Task item:
Word for word, reproduce the listing that follows, excluding any pictures it contains.

Provided material:
-------------------------
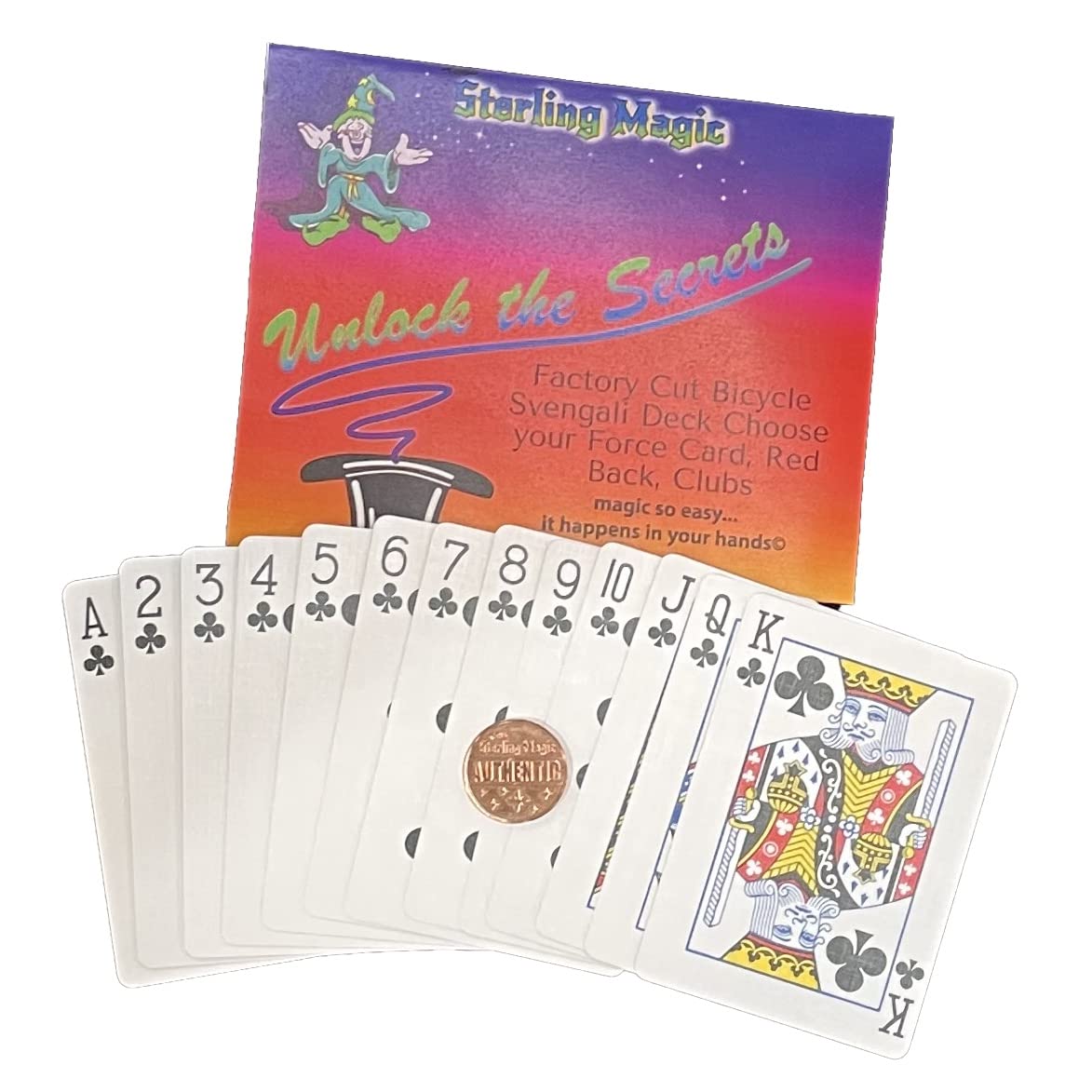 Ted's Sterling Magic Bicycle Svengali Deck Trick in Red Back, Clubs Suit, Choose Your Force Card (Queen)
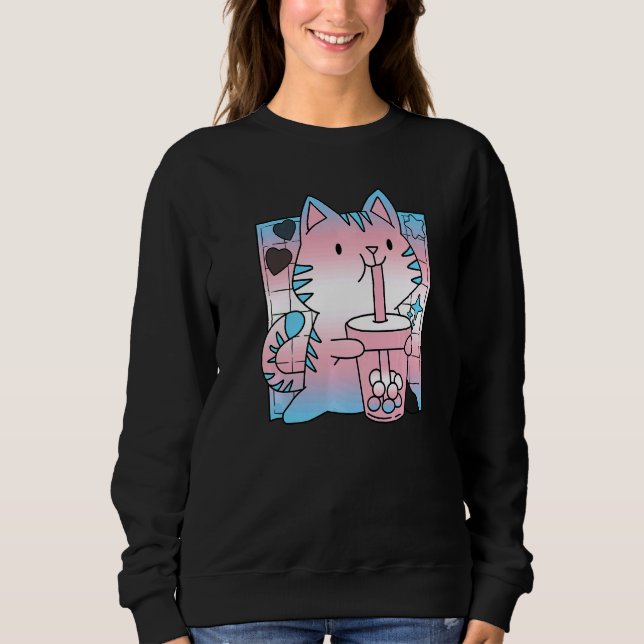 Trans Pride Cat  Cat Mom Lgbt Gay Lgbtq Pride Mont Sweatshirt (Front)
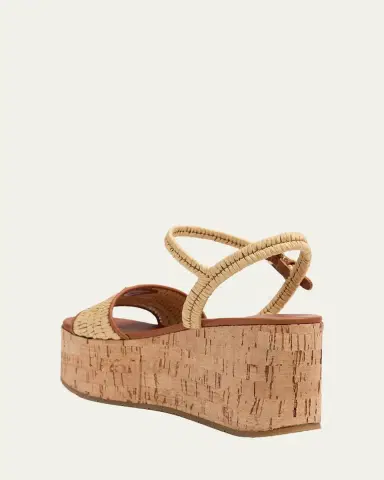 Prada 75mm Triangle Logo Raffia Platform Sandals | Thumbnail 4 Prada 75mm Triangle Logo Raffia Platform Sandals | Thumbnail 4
-------------------------
Result of this task:
 Ted's Sterling Magic Bicycle Svengali Deck Trick in Red Back, Clubs Suit, Choose Your Force Card (Queen)
 Trans Pride Cat  Cat Mom Lgbt Gay Lgbtq Pride Mont Sweatshirt (Front)
 Prada 75mm Triangle Logo Raffia Platform Sandals | Thumbnail 4 Prada 75mm Triangle Logo Raffia Platform Sandals | Thumbnail 4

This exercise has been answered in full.